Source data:
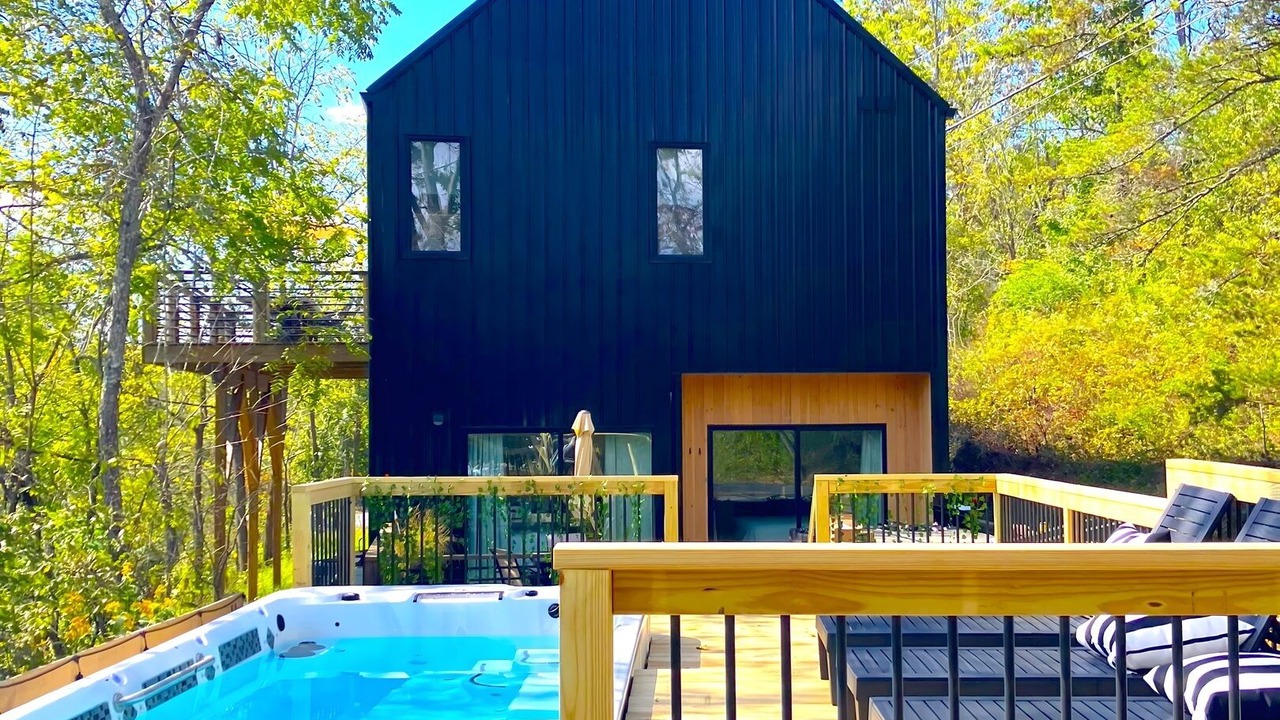 Photo of Outdoor in Weaverville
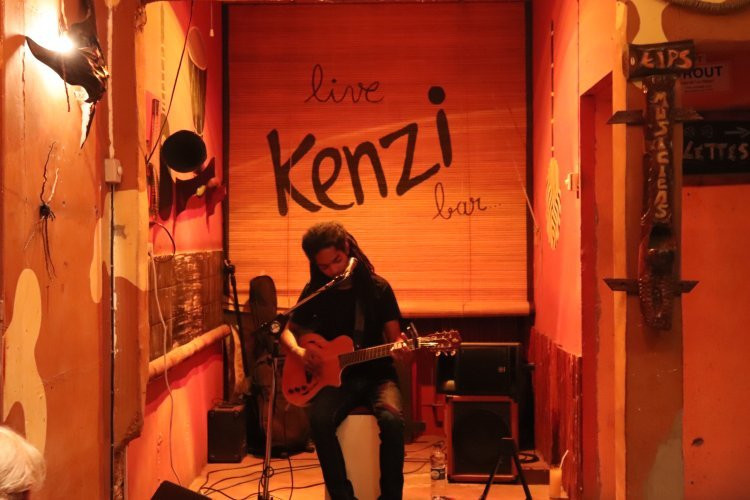 Kenzi Bar-弗力克昂弗雷克必去景点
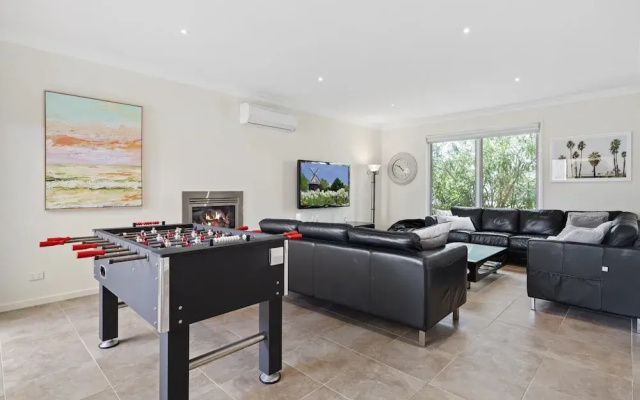 Seaside 3-bed Home, Direct Beach Access
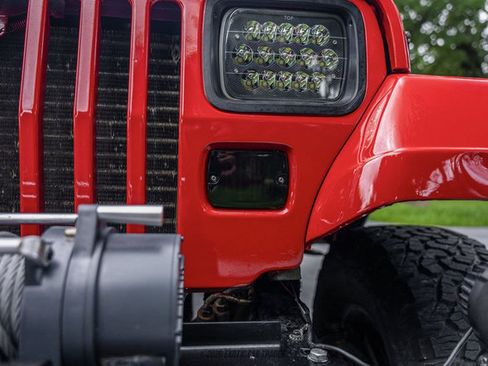 Used 1991 Jeep Wrangler 4WD image 70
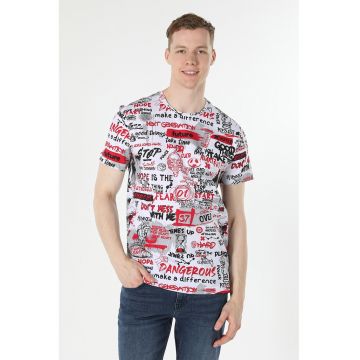 Tricou cu decolteu la baza gatului si imprimeu grafic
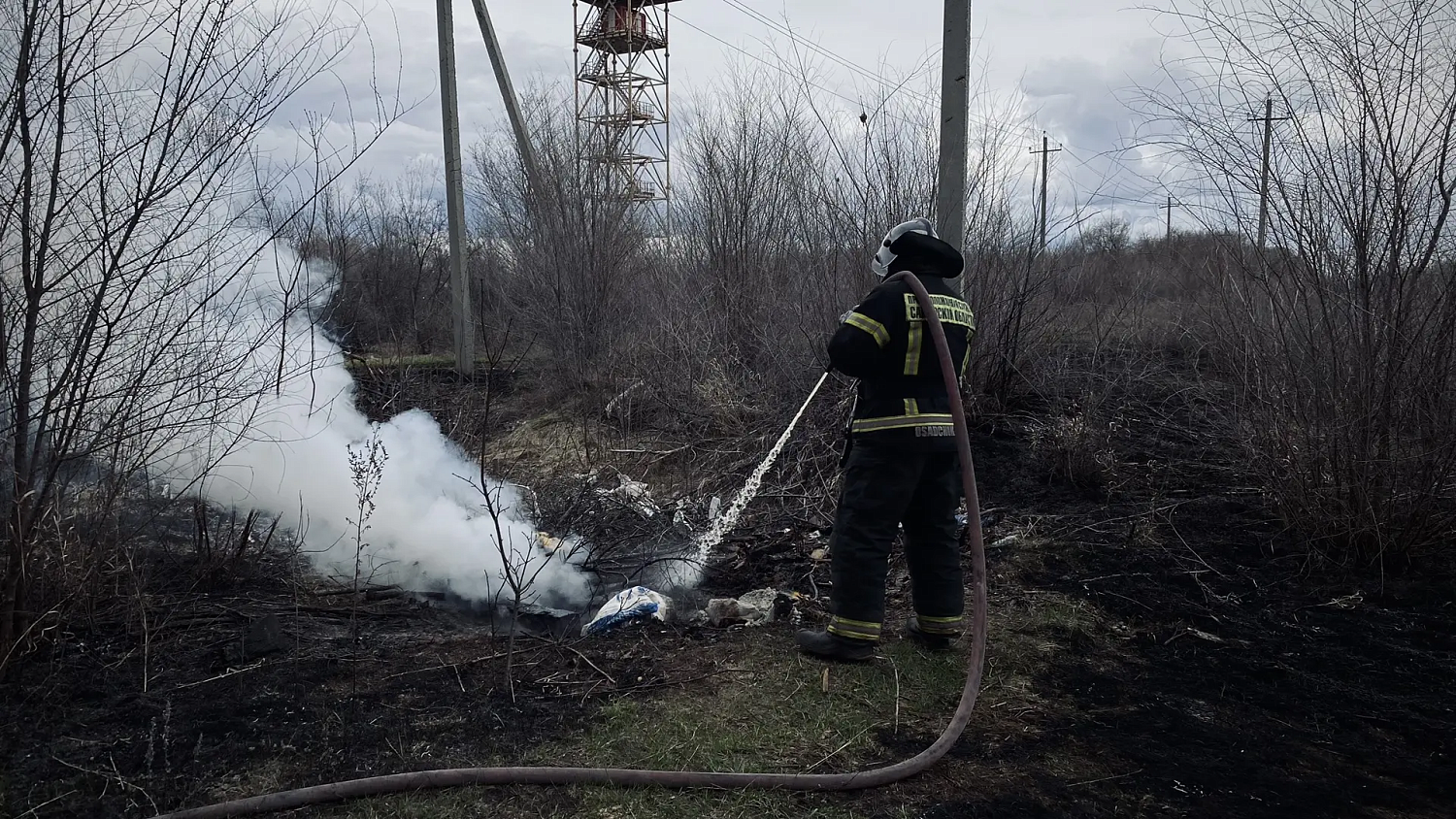 Все выходные в Безенчукском районе горела трава!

-- WHAT THIS TASK INVOLVES --
Repeat the records above verbatim, with no pictures in the result.

-- FINISHED TASK --
 Photo of Outdoor in Weaverville
 Kenzi Bar-弗力克昂弗雷克必去景点
 Seaside 3-bed Home, Direct Beach Access
 Used 1991 Jeep Wrangler 4WD image 70
 Tricou cu decolteu la baza gatului si imprimeu grafic
 Все выходные в Безенчукском районе горела трава!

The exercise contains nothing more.